Reinventing the wheel?

When we looked at the current options available for easily managing immutable web-server based infrastructure, the options seemed limited. Most software is currently optimised for updating software in-place, and not for the kind of updates we were interested in. We were also interested in managing the complete lifecycle for web server traffic, and no option we found seemed optimized for this task.

Another consideration was whether there might be more value in requiring developers to learn and understand an existing deployment toolset, or could they actually be more productive when given a friction-free, simplified tool that could fulfil the request to deploy a particular version of software to production. We believe developers should be able to release software easily without knowing the intricacies of the underlying mechanisms (while keeping the possibility of customization, when required for advanced use cases).

Why not Puppet/Chef/etc.

Many tools take a machine-centric view of the world, and configuration is done on a per-machine basis. Instead, we take a broader view of system state (e.g. we want four copies of this software serving traffic), and do not really care much about individual machines. We leverage higher-level concepts provided by AWS, such as replacement of machines which continually fail health checks, and addition of extra capacity dynamically when extra traffic comes to the HTTP endpoint.

Why not CodeDeploy

CodeDeploy is an Amazon-provided software rollout management system; however it does not meet our needs in supporting immutable infrastructure. Although it is very easy to put together scripts which release your software using CodeDeploy, you do need to set up your environment in advance. Also, CodeDeploy doesn’t provide out-of-the box support for deploying Docker images.

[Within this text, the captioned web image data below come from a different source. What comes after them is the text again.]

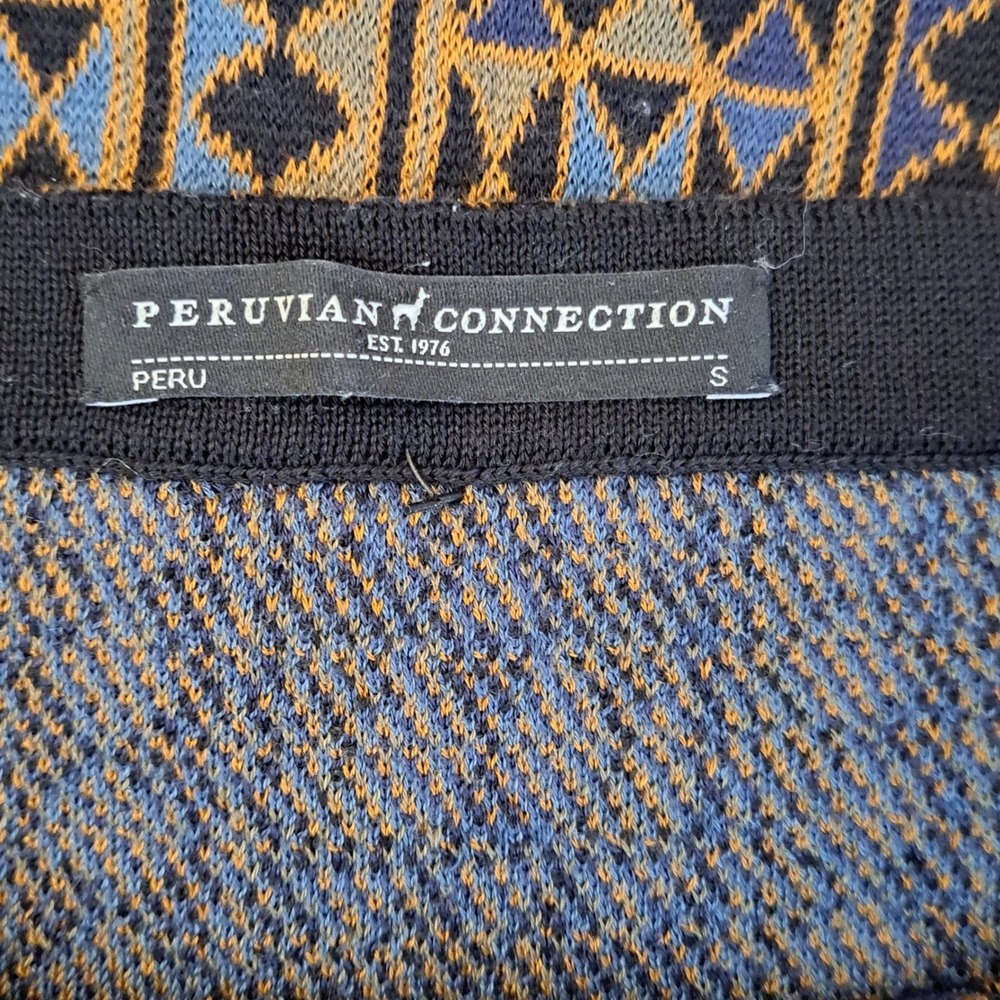 Peruvian Connection Maxi Skirt Womens Small Blue Brown Geometric Pima Cotton - Picture 7 of 11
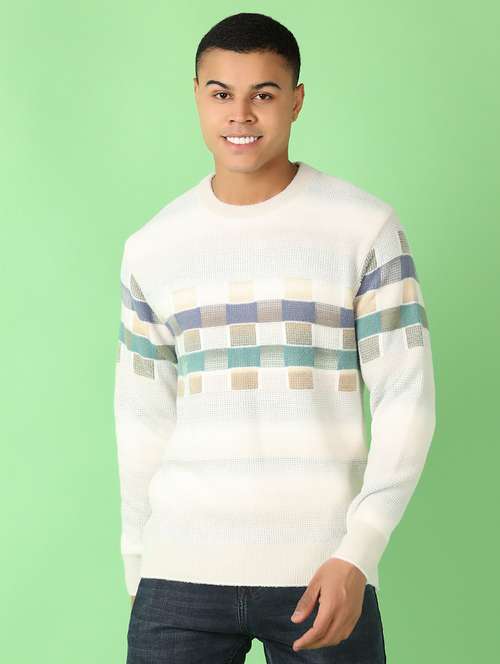 men long sleeves self design pullover - 21528778 - Very Small Image - 1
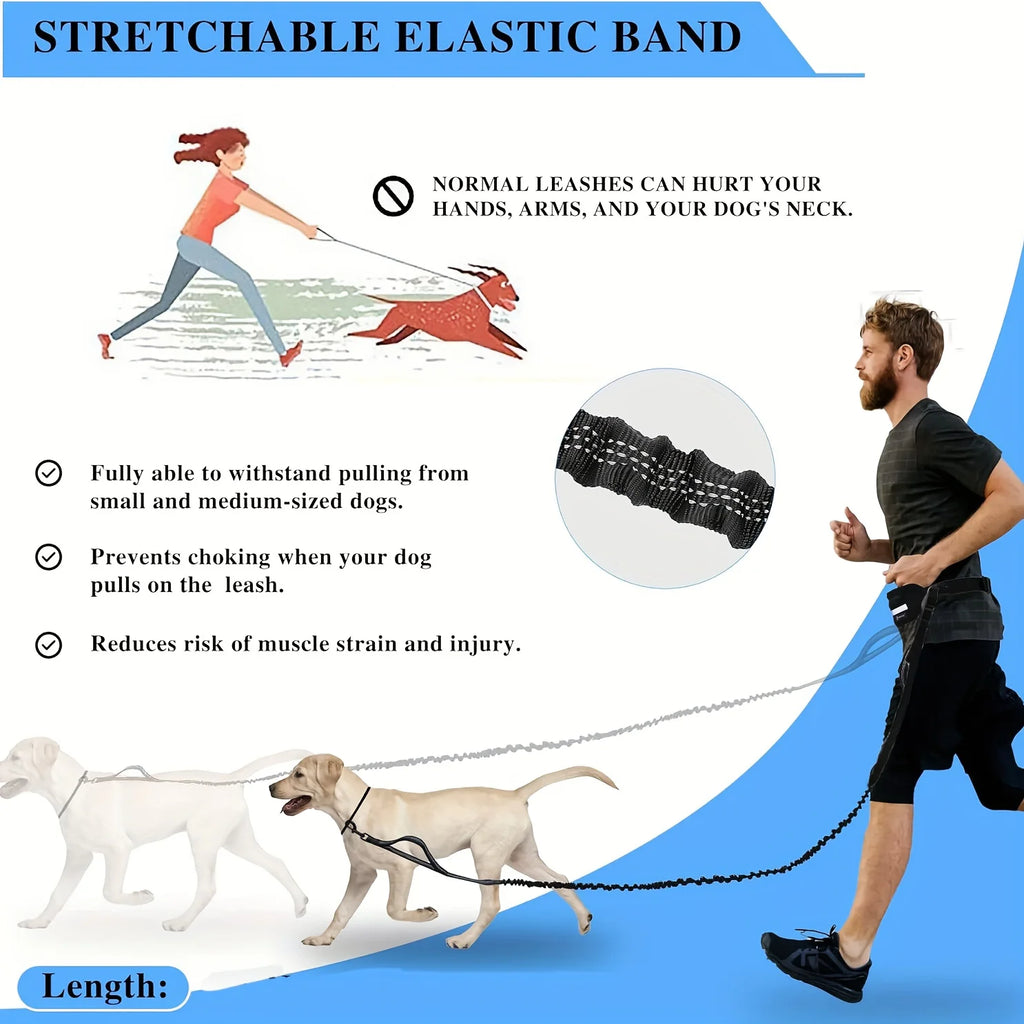 Reflective Hands-Free Running Dog Leash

Why not Plain-old Elastic Beanstalk

Elastic Beanstalk offers the ability to create environments, which allow the running of Docker images, and sets up a number of supporting systems, such as EC2 instances, a load balancer, an auto-scaling group (change the number of servers based on load). It also allows access to log files, and a certain amount of management of these systems.

However, it has extremely limited support for the concept of “immutable deploys”, where multiple releases of a piece of software can provide traffic to the same user-visible endpoint, with traffic being moved gradually over time. The only support it has is for the ability to “swap CNAMEs”, which is a very coarse method for moving traffic — all the traffic moves to the new environment at once. Also, it has issues with reliability due to the nature of DNS; lookup results can be cached for a period of time after the DNS has changed, and also bad clients can ignore DNS TTL values, causing traffic to be sent to the old environment long after it should have moved.

Moreover, Elastic Beanstalk has no higher-level structure for understanding what is running in production behind an endpoint. The question “what is running, and what is its configuration” is not easy to answer, and requires some sort of system on top of it.

We decided to leverage Elastic Beanstalk as a useful method for deploying Docker software, but layer appropriate management and control layers on top of this to provide a complete workflow for our users.

Introducing ION-Roller

ION-Roller is a service (API, web app and CLI tool) that leverages Amazon’s Elastic Beanstalk and underlying CloudFormation framework capabilities to deploy Docker images to EC2 instances.

Getting started with ION-Roller - the little things you need to do

All you need to start deploying software is:

AWS account with permissions granted to ION-Roller to spin up instances and access resources on your behalf (if your organization runs software across multiple AWS accounts, ION-Roller can offer a single view of deployments across all those accounts, given sufficient permissions).
Docker image in a Docker registry (hub.docker.com or private Docker registry of your choice)
Deployment specification for your software, including HTTP endpoint, number and type of EC2 instances, runtime arguments for your Docker image, environment variables, security settings etc.; these are supplied as part of your service configuration, and posted to ION-Roller through its REST API.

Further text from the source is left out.